# help with birthday krate



## burntcoffey (Aug 5, 2014)

Can anyone tell me what this is?  Husbands 50th birthday present.  Serial number at Schwinn says 68 Chicago, but Stringray, deluxe, Krate ???  Dont laugh at me - Im totally ignorant.  Isnt a springer some sort of dog?  lo
l


----------



## bricycle (Aug 5, 2014)

Kinda looks like an Orange Krate... grips and saddle were changed


----------



## burntcoffey (Aug 5, 2014)

should it have a sticker that says los angeles.  LABL exp 73.  ?  bike license?


----------



## Oldnut (Aug 5, 2014)

burntcoffey said:


> should it have a sticker that says los angeles.  LABL exp 73.  ?  bike license?
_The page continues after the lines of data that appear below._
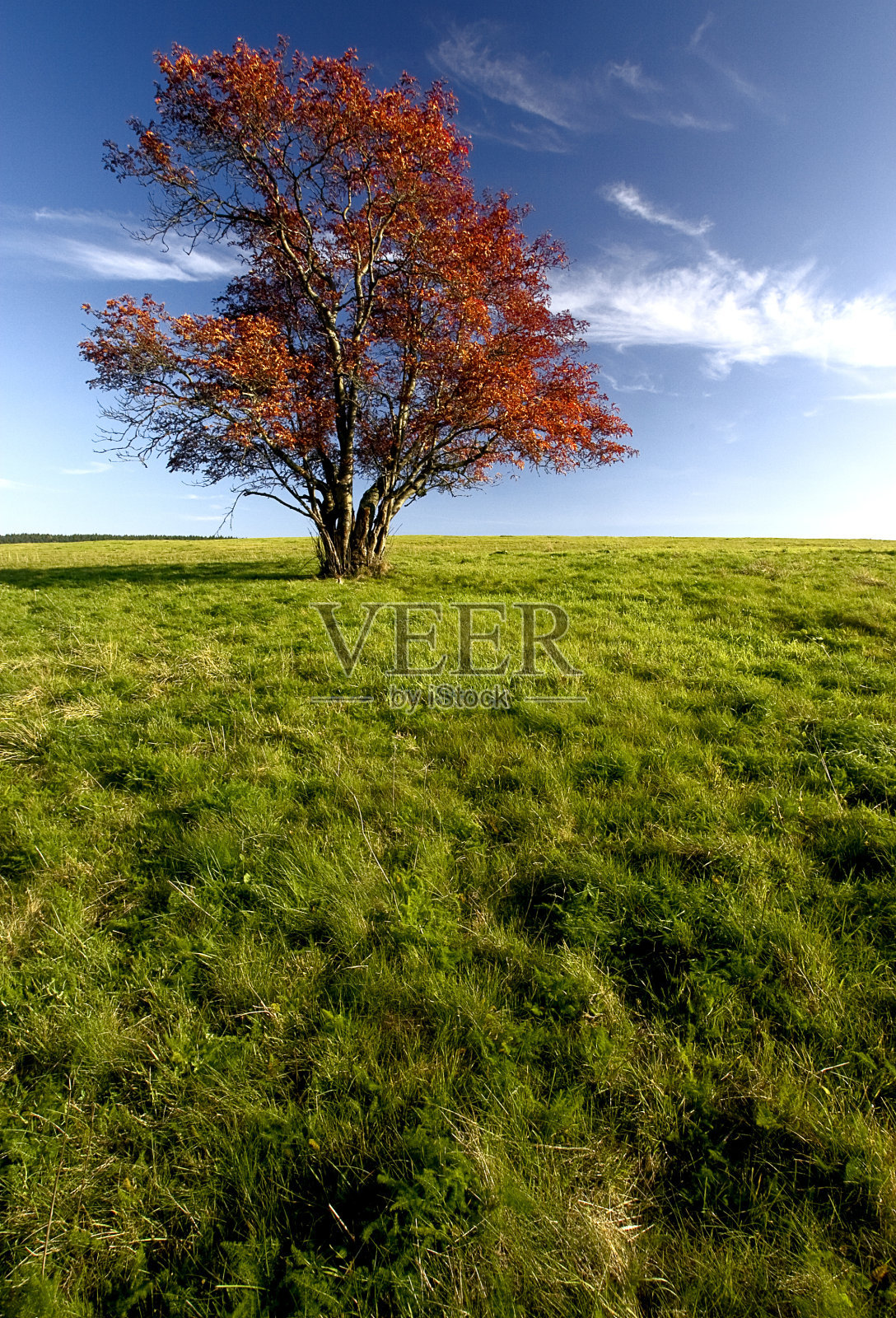 绿野上的红树照片摄影图片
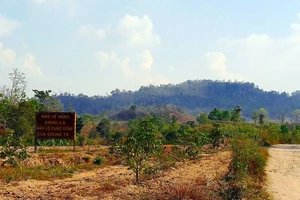 Ban Quản lý rừng khai gian, ăn chặn... hơn 5,3 tỉ đồng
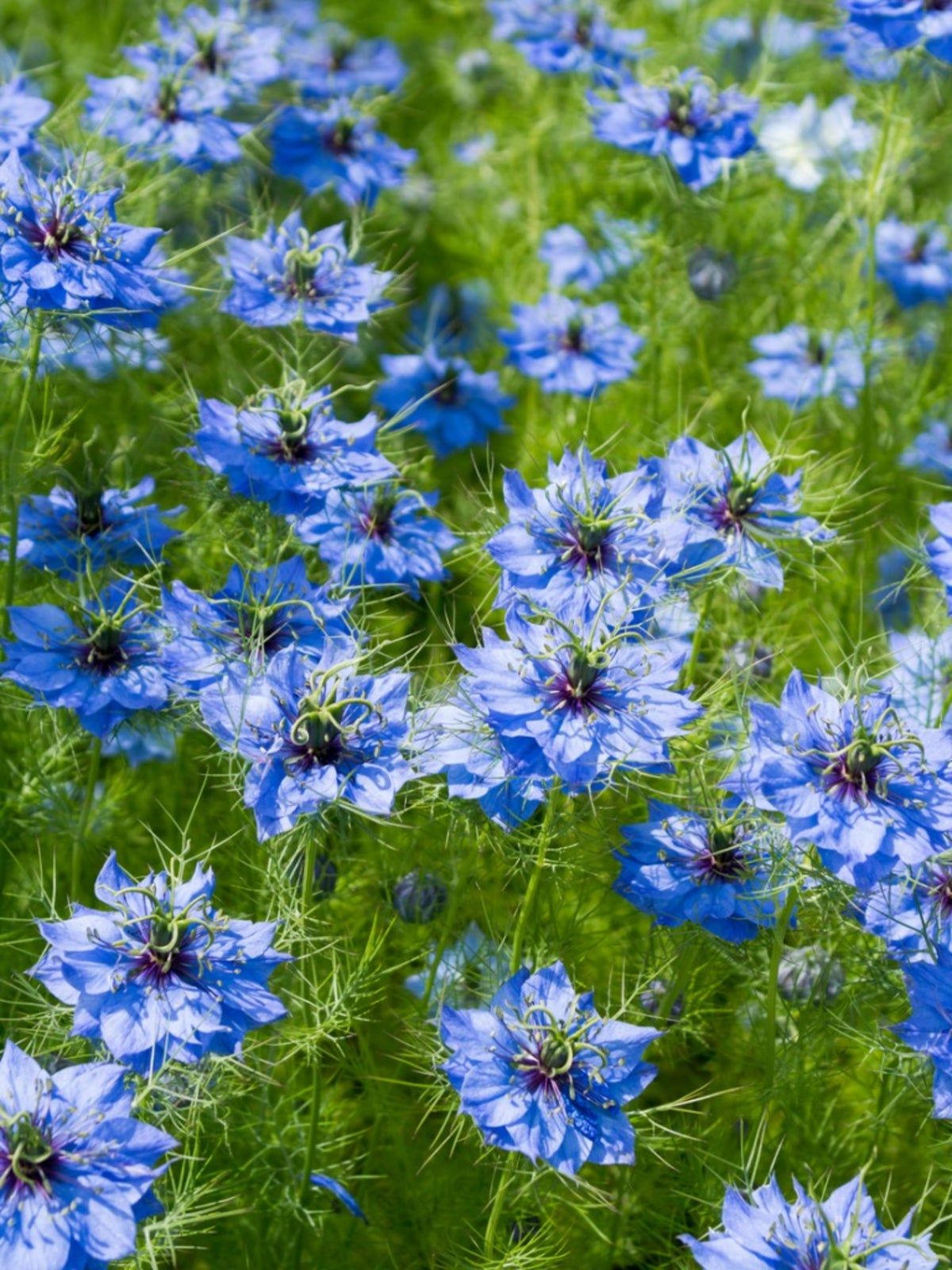 Black Cumin Seed (Nigella, Black Seed) (Organic)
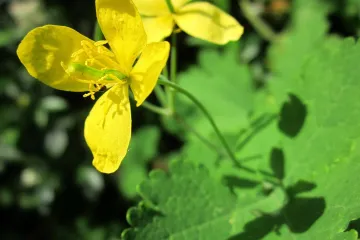Zmijino mlijeko - lijek narodne medicine s kojim treba biti oprezan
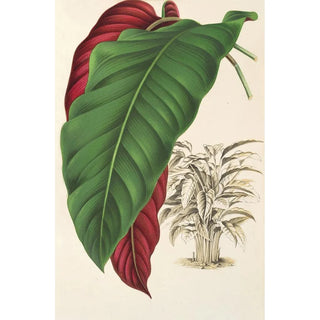 Charles Antoine Lemaire - Calathea arrecta.webp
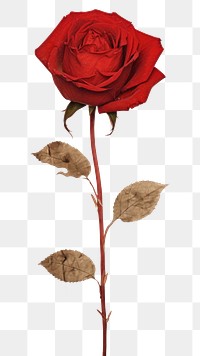 PNG  Real pressed red rose field flower plant leaf wall.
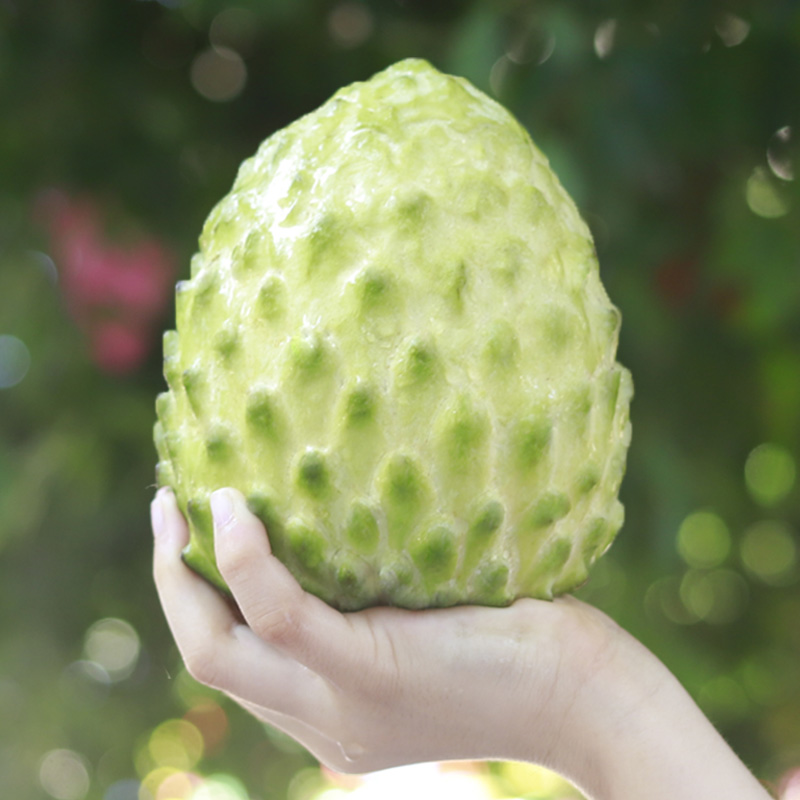 铂果旗舰店的优惠券大全—台湾牛奶释迦果新鲜水果带箱6斤包邮当季番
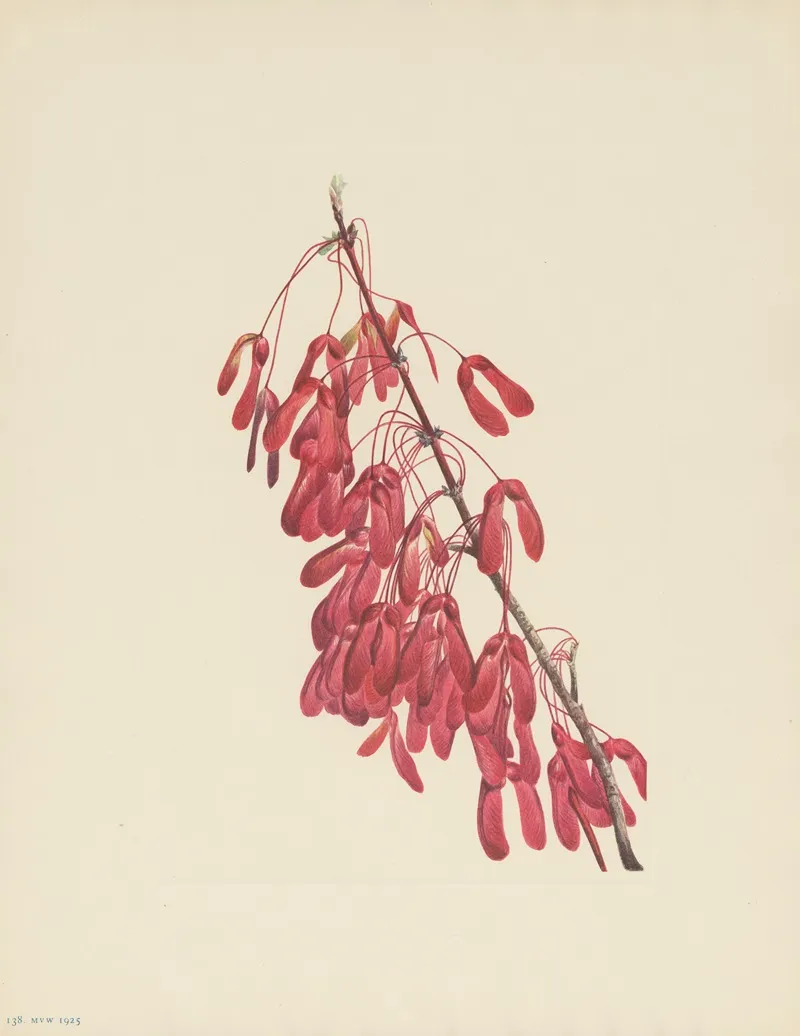 Carolina Maple Acer Carolinianum 3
Post pictures of the other side of the  bike looks nice


----------



## stoney (Aug 5, 2014)

What is letter prefix of serial number? With no front fender, appears to be 1968. For '68 it has the right stick shift and handlebars. Seat and grips are wrong. I believe '68 should have the pogo suspension on the seat post also. Could be someone removed it when they changed the seat.


----------



## burntcoffey (Aug 5, 2014)

prefix is KD

here are more pictures.


----------



## Oldnut (Aug 5, 2014)

burntcoffey said:


> prefix is KD
> 
> here are more pictures.  View attachment 163392View attachment 163393View attachment 163394




Looks like a great bike appears to be a 68 orange Krate.should clean up well you can buy seat recover kits,paint,tires and a lot for that bike have fun


----------



## burntcoffey (Aug 5, 2014)

Thanks everyone!

Arent those pogo shocks?  
Im sure the hubby will have a good time fixin it up.  He will maybe be on here asking you all how to do it!


----------



## GTs58 (Aug 5, 2014)

burntcoffey said:


> Thanks everyone!
> 
> *Arent those pogo shocks?*
> Im sure the hubby will have a good time fixin it up.  He will maybe be on here asking you all how to do it!




Yep. They were kinda hard to see in the first picture so he must have missed that. Nice BD project.


----------